Ruling of the Authority
- The fact that Laird Plc, UK is the ultimate holding Company of Laird US and the applicant company and both of them are a part of the organizational structure of Laird Plc. UK and known as Laird group companies in a broad sense, does not for the purpose of the agreement make the applicant an „affiliate? of Laird-US in the absence of direct or indirect control of one party on the other.
- In the absence of an express or necessarily implied consent of Nokia Corporation (which was a party to the PPA), the assignment of burden and obligations cannot be accepted as legal transfer of capital asset. Therefore, the consideration cannot be deemed to be the capital gain.
- Irrespective of the validity of the assignment vis-a-vis Nokia Corp. i.e. the contractee, the assignment agreement is binding on Laird-US and the applicant.
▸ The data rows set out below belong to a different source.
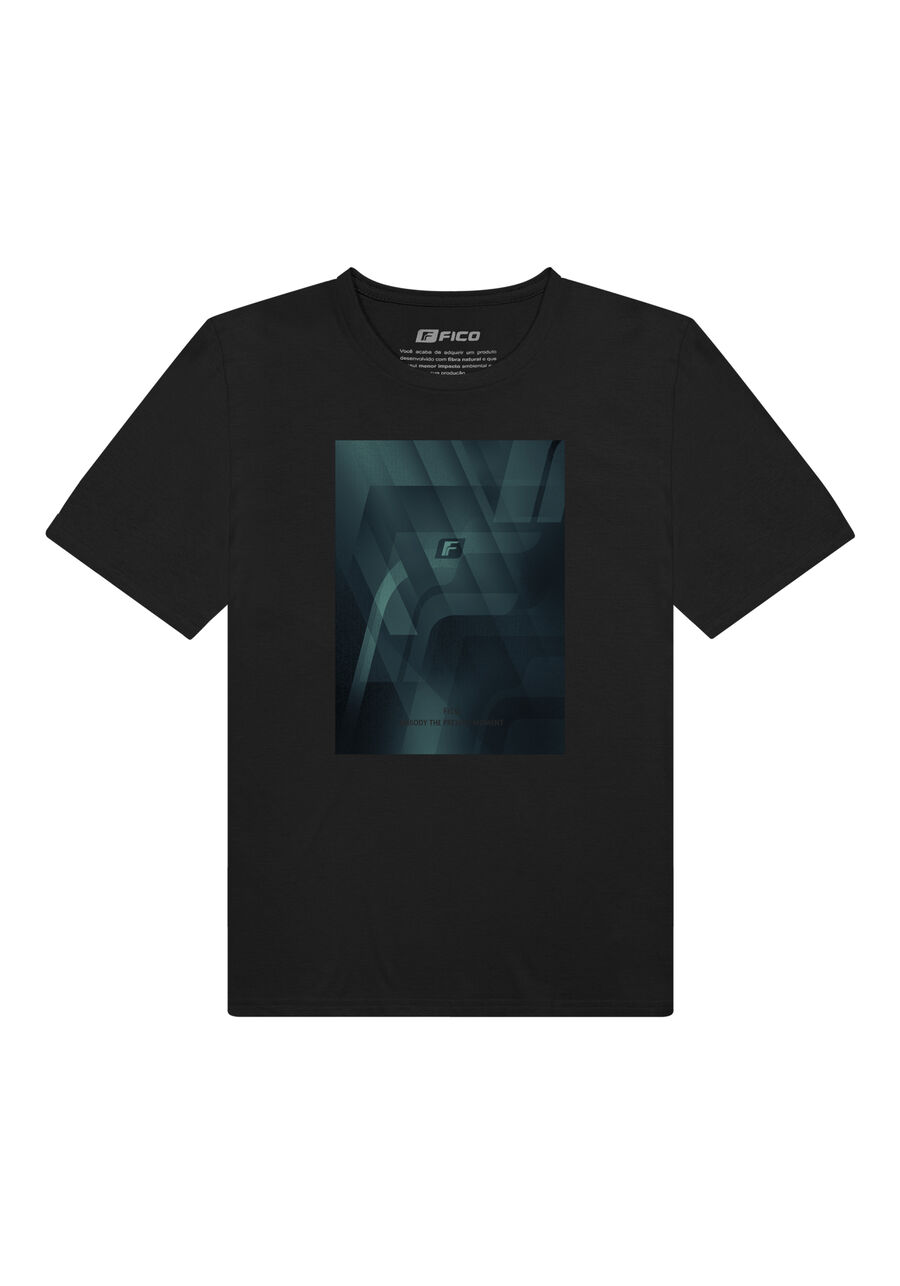 Camiseta Masculina Com Mangas Curtas E Estampa Localizada, PRETO. Camiseta Masculina Com Mangas Curtas E Estampa Localizada, PRETO, large.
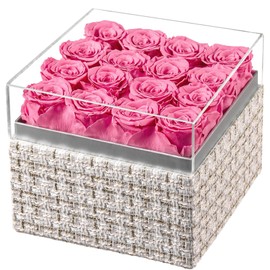 Eterfield Forever Flowers Preserved Roses Real Roses That Last a Year Rose Box Gifts for Her Mothers Day Valentines Day Christmas (Square Gold White Plaid Box, 16 Pink Roses)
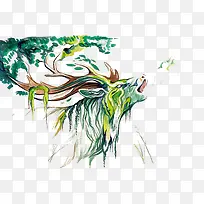 绿色卡通水彩动物-空若网 绿色卡通水彩动物-空若网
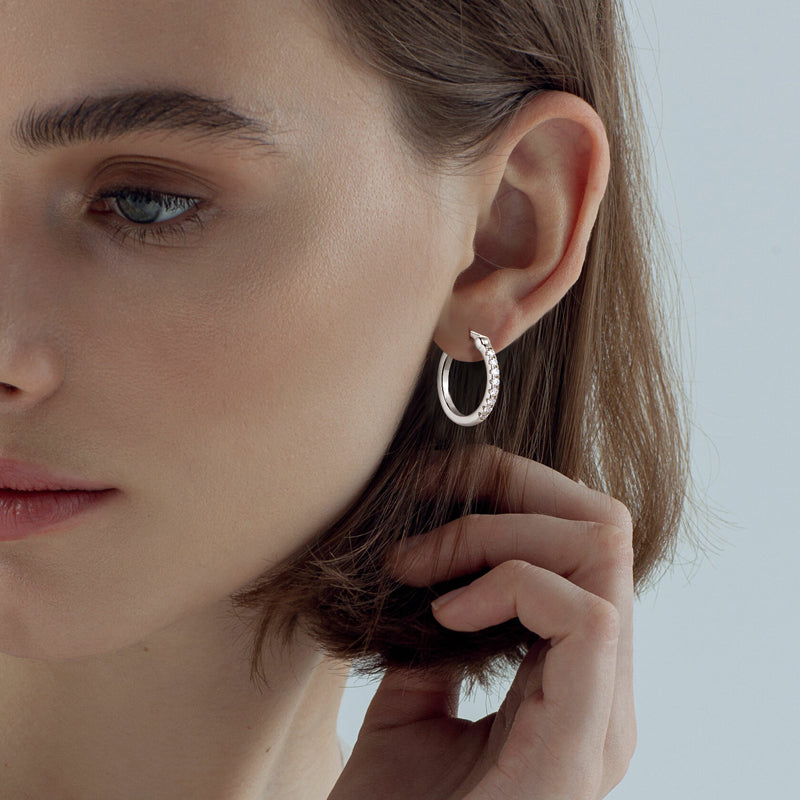 Daphne Pave Hoops in sterling silver, view 7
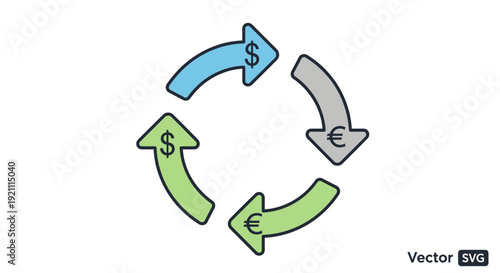 Dollar Euro Exchange Cycle Arrows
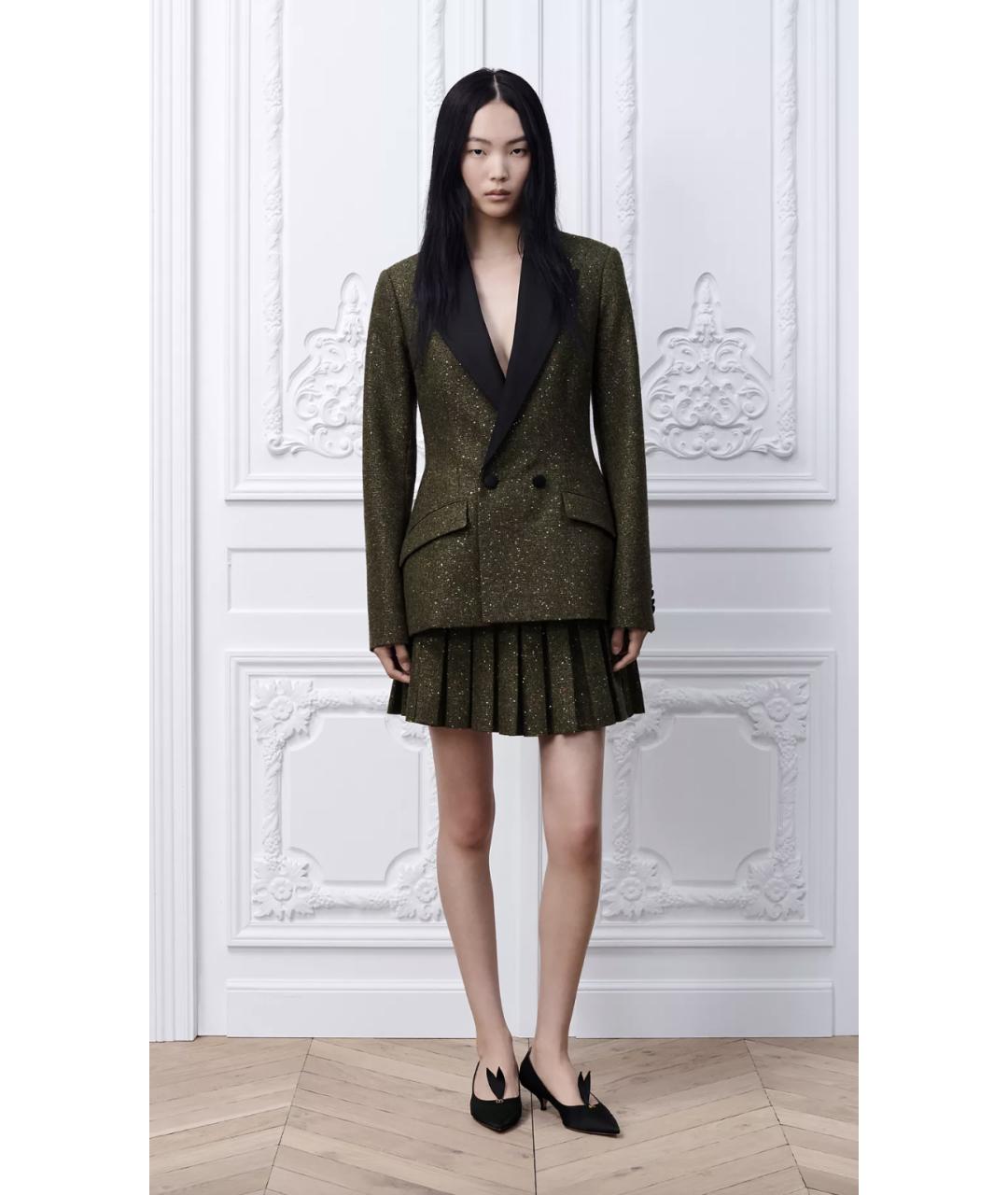 CHRISTIAN DIOR Зеленый шелковый костюм с юбками, фото 4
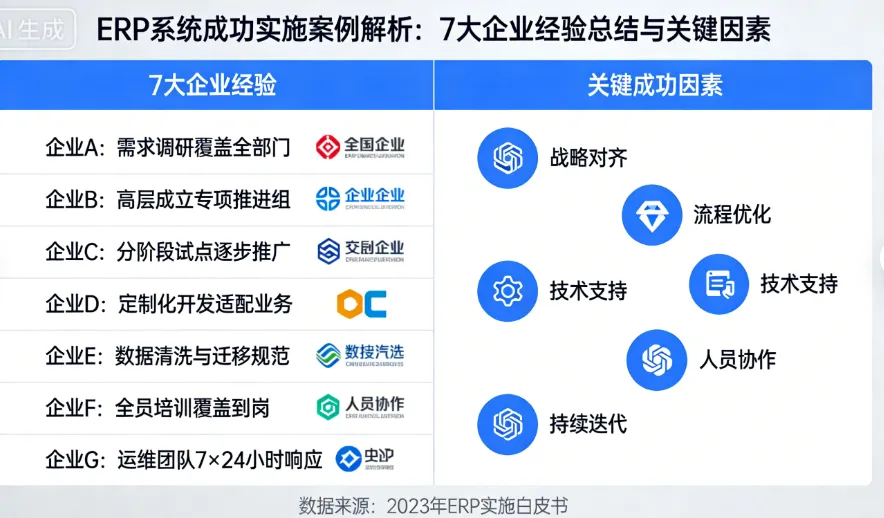 ERP系统成功实施案例解析:7大企业经验总结与关键因素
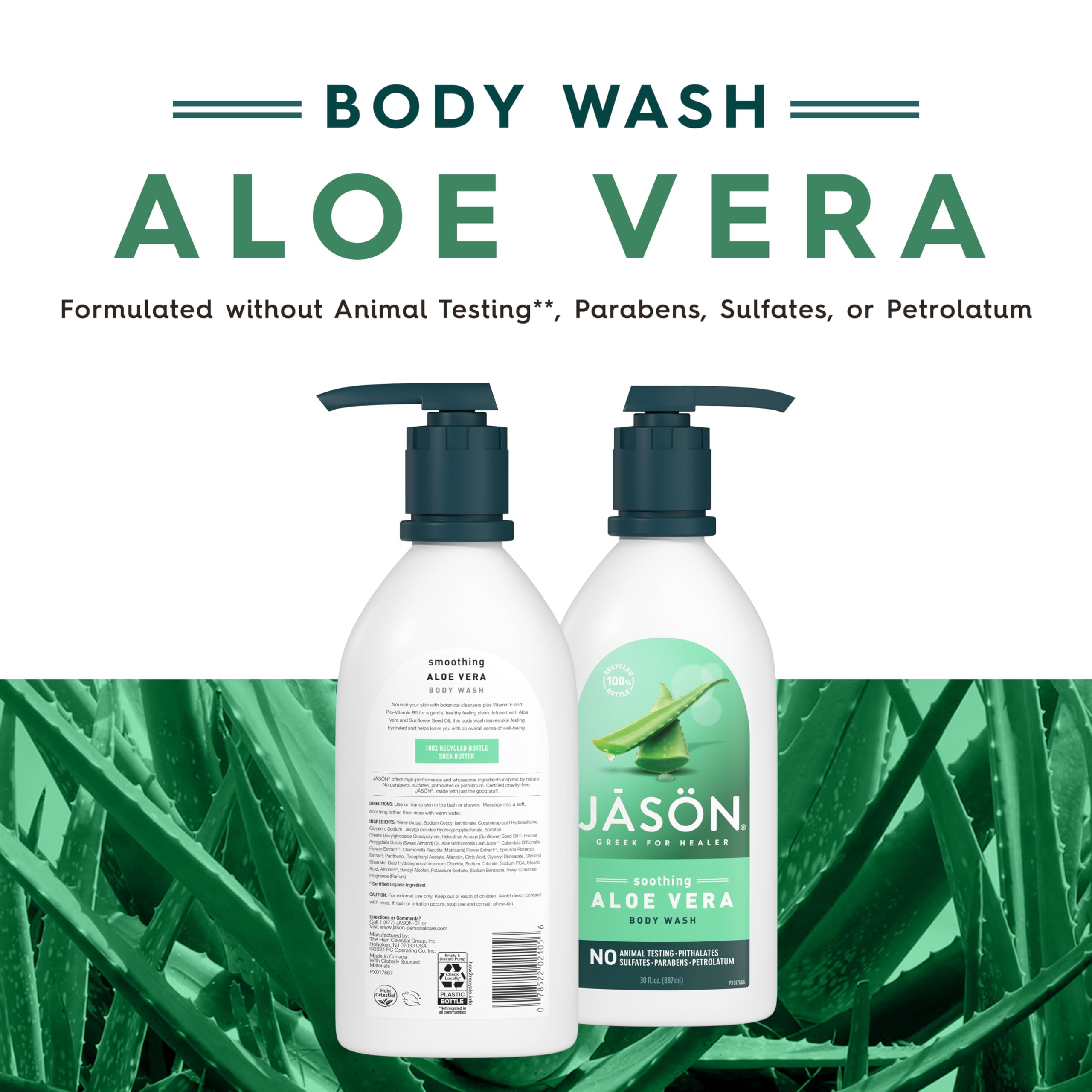 JASON Aloe Vera Shower Gel pour-action illustrates soothing lather and nourishment.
The consideration passed under the said agreement for parting with certain rights in favour of the applicant would still be income in the nature of business profits in the hands of the recipient.
- Once the necessary authorization to manufacture and supply the products to Nokia India has been given, Laird-US cannot carry on the same business in India or interfere with the business carried on by the applicant. The provisions in the agreement relating to making good the deficiency in relation to the gross margins in case of decrease in volume of agreed sale does not militate against the relationship of principal to principal between Laird-US and the applicant. Therefore, Laird-US cannot be said to have any permanent establishment in India.
- The amount of consideration received by Laird-US from the applicant is in the nature of business profit that has accrued or arisen in India. However, as the recipient has no permanent establishment in India, the same is not liable to be taxed under the ITA having regard to the Double Taxation Avoidance Agreement between India and US.
- The income is not chargeable to tax in India therefore the applicant is not required to withhold tax on remittance of consideration.
The AAR upheld the contention that a transfer for the purpose of capital gain should be a legal transfer. The transfer of rights and obligations even if not binding on the third party are still binding on the parties to the agreement therefore consideration against the same could be treated as business profit. In absence of permanent establishment in India, consideration for assignment of supply agreement can not be taxable in India.